- [ACTION ITEM]
With no line left out, restate the data word for word.

----

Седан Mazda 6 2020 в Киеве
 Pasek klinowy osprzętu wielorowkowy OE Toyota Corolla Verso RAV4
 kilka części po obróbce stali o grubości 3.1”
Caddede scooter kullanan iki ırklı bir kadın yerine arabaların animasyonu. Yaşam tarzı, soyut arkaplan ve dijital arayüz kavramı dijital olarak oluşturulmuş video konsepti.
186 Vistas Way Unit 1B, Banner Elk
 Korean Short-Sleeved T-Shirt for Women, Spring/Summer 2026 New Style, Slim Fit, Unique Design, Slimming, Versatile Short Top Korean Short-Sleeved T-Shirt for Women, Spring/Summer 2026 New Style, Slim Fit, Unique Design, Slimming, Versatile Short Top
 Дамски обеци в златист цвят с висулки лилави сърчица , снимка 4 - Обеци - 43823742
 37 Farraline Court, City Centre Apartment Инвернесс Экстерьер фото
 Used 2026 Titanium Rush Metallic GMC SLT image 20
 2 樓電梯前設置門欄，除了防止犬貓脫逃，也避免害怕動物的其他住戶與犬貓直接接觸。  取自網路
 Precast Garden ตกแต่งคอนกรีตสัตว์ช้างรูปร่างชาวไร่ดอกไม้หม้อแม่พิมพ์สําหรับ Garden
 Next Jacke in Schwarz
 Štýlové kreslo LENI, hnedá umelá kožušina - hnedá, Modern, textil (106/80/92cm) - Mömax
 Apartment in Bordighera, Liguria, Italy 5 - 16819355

----

- [RESULT OF THE TASK]
Седан Mazda 6 2020 в Киеве
 Pasek klinowy osprzętu wielorowkowy OE Toyota Corolla Verso RAV4
 kilka części po obróbce stali o grubości 3.1”
Caddede scooter kullanan iki ırklı bir kadın yerine arabaların animasyonu. Yaşam tarzı, soyut arkaplan ve dijital arayüz kavramı dijital olarak oluşturulmuş video konsepti.
186 Vistas Way Unit 1B, Banner Elk
 Korean Short-Sleeved T-Shirt for Women, Spring/Summer 2026 New Style, Slim Fit, Unique Design, Slimming, Versatile Short Top Korean Short-Sleeved T-Shirt for Women, Spring/Summer 2026 New Style, Slim Fit, Unique Design, Slimming, Versatile Short Top
 Дамски обеци в златист цвят с висулки лилави сърчица , снимка 4 - Обеци - 43823742
 37 Farraline Court, City Centre Apartment Инвернесс Экстерьер фото
 Used 2026 Titanium Rush Metallic GMC SLT image 20
 2 樓電梯前設置門欄，除了防止犬貓脫逃，也避免害怕動物的其他住戶與犬貓直接接觸。  取自網路
 Precast Garden ตกแต่งคอนกรีตสัตว์ช้างรูปร่างชาวไร่ดอกไม้หม้อแม่พิมพ์สําหรับ Garden
 Next Jacke in Schwarz
 Štýlové kreslo LENI, hnedá umelá kožušina - hnedá, Modern, textil (106/80/92cm) - Mömax
 Apartment in Bordighera, Liguria, Italy 5 - 16819355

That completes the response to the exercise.